An Astonishing Ruling in Trump’s Classified-Documents Case
Even if Aileen Cannon’s decision is eventually overturned, it is sure to delay proceedings yet again.
Aileen Cannon, a federal judge in Florida, has dismissed the case against former President Donald Trump involving hoarding sensitive documents taken from the White House. In an order issued this morning, Cannon found that the appointment of Special Counsel Jack Smith violates the Constitution.
The ruling is an astonishing—though probably not final—turn in the case, which was already among the most unusual in American history. The decision contradicts many previous rulings and is certain to be appealed, but even so, it is a significant, unexpected legal victory for Trump—one of many, recently—and another success for his attempt to push his legal troubles past the November election.
The facts of this case appeared to be simpler than those in any of the others against him. Upon leaving the White House, Trump took with him boxes full of documents, including what prosecutors say are highly classified ones relating to national security. He stashed the documents on a ballroom stage and in a bathroom at Mar-a-Lago, his estate in Florida. When the federal government repeatedly asked for them back, Trump refused. When he was subpoenaed, he allegedly sought to hide them. Notes from his lawyer, obtained by prosecutors, showed him scheming to conceal papers. In August 2022, after the Justice Department concluded that Trump was not complying, the FBI conducted an unannounced search at Mar-a-Lago and seized boxes.
[David A. Graham: Judge Aileen Cannon is who critics feared she was]
Trump’s defenses up to this point were gossamer-thin: He claimed that he had declassified all of the documents before leaving the White House, despite offering no evidence; and he claimed that they were all personal records.
But in November 2022, after Trump announced he would run for president again in 2024, Attorney General Merrick Garland appointed Smith as special counsel, a move intended to guard against the appearance of political interference. In an ironic twist, it seems to have had an opposite effect—allowing Trump to get a judge he appointed to dismiss the case.
Trump got lucky when the case was assigned to Cannon, a young lawyer appointed to the bench late in his term. Before prosecutors charged Trump, Cannon had overseen some procedural matters related to the search and made rulings perplexingly favorable to Trump about evidence handling. Those decisions were reversed by an appeals court, which said Cannon’s approach “would violate bedrock separation-of-powers limitations.” Last month, The New York Times reported that two fellow judges also in Florida’s Southern District had unsuccessfully urged her to pass the case to another judge.
[Read: The cases against Trump—a guide]
Cannon declined, and since the charges were brought, she has continued to make ruling after ruling that favors Trump. She has bogged the case down in lengthy hearings on matters that are usually trivial. Cannon has also clashed with and scolded prosecutors repeatedly. When she agreed to hold hearings in June on whether Smith’s appointment was legal, outside observers were surprised to hear her entertaining an argument that other courts have repeatedly rejected.
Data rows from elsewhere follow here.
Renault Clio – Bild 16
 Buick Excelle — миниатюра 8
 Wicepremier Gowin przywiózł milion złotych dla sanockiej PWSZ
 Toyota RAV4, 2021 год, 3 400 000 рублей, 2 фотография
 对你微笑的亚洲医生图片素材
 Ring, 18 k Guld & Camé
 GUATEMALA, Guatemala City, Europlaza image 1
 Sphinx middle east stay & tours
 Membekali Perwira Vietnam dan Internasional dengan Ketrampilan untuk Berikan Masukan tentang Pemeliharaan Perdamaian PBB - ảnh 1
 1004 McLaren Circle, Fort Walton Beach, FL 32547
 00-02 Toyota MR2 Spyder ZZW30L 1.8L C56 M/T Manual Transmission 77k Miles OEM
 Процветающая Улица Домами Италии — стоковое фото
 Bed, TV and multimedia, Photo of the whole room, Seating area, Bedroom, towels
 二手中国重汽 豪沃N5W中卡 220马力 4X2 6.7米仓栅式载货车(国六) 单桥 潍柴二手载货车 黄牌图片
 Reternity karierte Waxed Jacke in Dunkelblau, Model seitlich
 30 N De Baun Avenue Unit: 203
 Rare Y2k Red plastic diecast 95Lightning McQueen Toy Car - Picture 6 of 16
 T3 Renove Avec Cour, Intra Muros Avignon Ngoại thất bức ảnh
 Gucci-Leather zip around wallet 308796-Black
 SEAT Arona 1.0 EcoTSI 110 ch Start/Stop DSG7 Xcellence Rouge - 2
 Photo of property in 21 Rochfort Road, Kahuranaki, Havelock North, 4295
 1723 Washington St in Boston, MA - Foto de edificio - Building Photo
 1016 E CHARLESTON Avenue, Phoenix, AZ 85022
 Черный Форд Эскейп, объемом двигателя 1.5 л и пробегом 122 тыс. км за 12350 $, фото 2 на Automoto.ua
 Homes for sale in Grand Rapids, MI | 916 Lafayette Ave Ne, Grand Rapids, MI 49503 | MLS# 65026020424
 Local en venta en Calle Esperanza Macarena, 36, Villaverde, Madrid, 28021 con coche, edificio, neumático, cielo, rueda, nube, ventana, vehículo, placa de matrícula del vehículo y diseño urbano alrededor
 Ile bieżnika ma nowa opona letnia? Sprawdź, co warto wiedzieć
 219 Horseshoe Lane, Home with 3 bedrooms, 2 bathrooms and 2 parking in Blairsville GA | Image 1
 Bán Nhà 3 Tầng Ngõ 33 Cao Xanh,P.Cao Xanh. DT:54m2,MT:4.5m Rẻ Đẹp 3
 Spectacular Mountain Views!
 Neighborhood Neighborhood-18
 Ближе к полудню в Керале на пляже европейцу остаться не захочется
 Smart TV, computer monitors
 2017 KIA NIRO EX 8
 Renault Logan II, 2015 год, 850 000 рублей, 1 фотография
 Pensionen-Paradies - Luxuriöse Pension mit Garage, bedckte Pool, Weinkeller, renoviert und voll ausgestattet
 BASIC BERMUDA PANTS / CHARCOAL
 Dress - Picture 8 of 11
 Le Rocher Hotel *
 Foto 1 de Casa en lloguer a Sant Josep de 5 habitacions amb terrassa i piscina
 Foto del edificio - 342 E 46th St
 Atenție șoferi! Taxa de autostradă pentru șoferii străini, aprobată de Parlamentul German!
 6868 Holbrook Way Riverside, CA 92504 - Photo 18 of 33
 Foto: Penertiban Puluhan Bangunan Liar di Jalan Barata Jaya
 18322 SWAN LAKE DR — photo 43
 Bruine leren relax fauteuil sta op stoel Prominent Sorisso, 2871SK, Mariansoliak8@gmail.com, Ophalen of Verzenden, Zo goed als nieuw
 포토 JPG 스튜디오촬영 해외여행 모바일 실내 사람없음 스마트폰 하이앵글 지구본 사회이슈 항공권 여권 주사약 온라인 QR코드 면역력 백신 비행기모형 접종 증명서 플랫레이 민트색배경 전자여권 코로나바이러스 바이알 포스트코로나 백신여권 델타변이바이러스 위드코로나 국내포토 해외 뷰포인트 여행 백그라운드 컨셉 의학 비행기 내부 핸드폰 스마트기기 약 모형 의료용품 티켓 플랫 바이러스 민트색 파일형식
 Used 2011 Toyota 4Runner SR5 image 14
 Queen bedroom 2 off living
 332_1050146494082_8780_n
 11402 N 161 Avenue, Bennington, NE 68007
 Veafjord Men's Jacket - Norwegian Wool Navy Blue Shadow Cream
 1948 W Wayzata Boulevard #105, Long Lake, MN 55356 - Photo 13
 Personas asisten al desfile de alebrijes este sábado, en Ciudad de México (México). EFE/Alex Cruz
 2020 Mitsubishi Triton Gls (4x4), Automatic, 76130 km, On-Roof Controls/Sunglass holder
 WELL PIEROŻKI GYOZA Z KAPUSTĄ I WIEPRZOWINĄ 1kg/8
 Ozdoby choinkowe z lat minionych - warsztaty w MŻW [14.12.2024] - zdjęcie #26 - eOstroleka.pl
After today’s ruling was made public, legal experts immediately predicted that the Justice Department would appeal Cannon’s ruling. The government would seem to have a good case there, though it was expected to prevail at the trial court, too. Smith might also request that the case be reassigned to a different judge. Treating Cannon as an impartial jurist in this case has become practically impossible.
[Adam Serwer: The Supreme Court puts Trump above the law]
Even so, the dismissal is another blow to Garland’s Justice Department, which has bobbled the task of handling a lawless ex-president. Trump attempted to steal the 2020 election and then attempted to steal documents that didn’t belong to him and whose handling imperiled national security. Yet the Justice Department took until summer 2023 to file charges against him in either case. The documents case is now dead, though it could be revived. The election-subversion case is on life support, after a Supreme Court majority, including three of his appointees, ruled that some of Trump’s actions alleged in the case were “official acts” for which he has criminal immunity. A trial judge must now sort through the allegations and decide what is official and what is not.
This is a case where justice delayed may actually be justice denied: If Trump wins the presidency again in November, he is expected to quash the federal cases against him. After a miserable legal stretch, including huge financial penalties in two New York state civil cases and a felony conviction in New York, Trump has scored major wins in the two federal cases against him. These wins suggest a disheartening possibility: It doesn’t matter what the law is as long as you appointed the judges.